Я ведь могу приказать ему остановиться и умереть! Легко. Могу приказать сделать вид, что отторгается телом. И даже могу заставить покинуть тело самостоятельно, и оно, как сгусток мышь, накаченных препаратами, и моей Силой, покинет чужой дом страшной каракатицей, просочившись сквозь свежий шов наружу.
Оно, сердце, сытое, не поврежденное, насыщенное кислородом от аппарата искусственной вентиляции легких, пусть и растерянное и дезориентированное… легко сделает это! Стоит только приказать. И ему будет плевать, что «дома» ждет голод и разруха. Дом, это где родные… я точно брежу наяву!
Могу, но это всё его убьет. Человека, живого думающего и настоящего! А не жалкое сердце, что просто орган, за который даже думаю я сам. Ответ в уравнении очевиден:
— Живи! — приказал я своему сердечку в чужом теле, ложа руку на ткань поверх свежих швов.
И рваный пульс тут же выровнялся, клапана перестали сбоить и кашлять, а давление, всего за несколько минут, дошло до идеала человека.
— Ты будешь жить с моим сердцем покуда не сдохнешь по собственной глупости! Не будешь помнить, не будешь знать… — краем глаза заметил ошалелый вид хлопающего глазами человека в халате, ведь легкие, пользуясь моментом спокойствия и передышки, не в тему запустились сами — а ты, всего лишь орган, занимай свое законное место пусть и в чужом теле. И всех, кто будет против — шли лесом.

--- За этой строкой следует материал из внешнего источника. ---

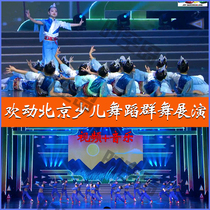 Six-1st Childrens Dance Show Show Show Video Music on Beijing Youth Childrens Campus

Нет, не так. — додумал я уже в своих мыслях, понимая, что тут уж больно много лишних ушей, а я как бы страдаю фигней — если слать всех, начнется отторжение. Так что не воюй со своим телом, важный орган! Будь его частью. — и повернулся к ничего непонимающему свидетелю, убирая руку с ткани.
— Де…
— Спи. — расстояние — метр, шаг, удар в незащищенное солнечное сплетение, и аккуратно подхватываю утратившее сознание сипящее тело.
Тихонько стону от отбитых связок, что умудрились при столь незначительном ударе сами себя повредить, и, осмотревшись, оттаскиваю доктора к стульчаку в углу, волоча тело по полу.
Усаживая поудобнее, кряхтя беззвучно, и наблюдая как халат на моей груди обретает свежее алое пятно. Наваливаю на стенку, и на стол локтём, так, чтобы точно не упал, и вообще — просто прикорнул бедняга. И вновь переключаю внимание на обвешенное приборами тело. Осматриваю экраны с многочисленными показаниями. Пульс, кислород в крови, активность мозга, еще там что-то, непонятное.
Аппарат с насосом, принудительно качающий воздух в легкие, что уже как бы могут и сами, и в данном агрегате не нуждаются. Капельницу, с каким-то раствором, стимулятором? Или подавителем? И еще кучу всего, назначения чего понятно мне лишь отчасти. Самого человека, что потихоньку приходит в сознание, под действием мощнейшего в мире стимулятора и витамина, разносимого по телу новым сердцем — Силой.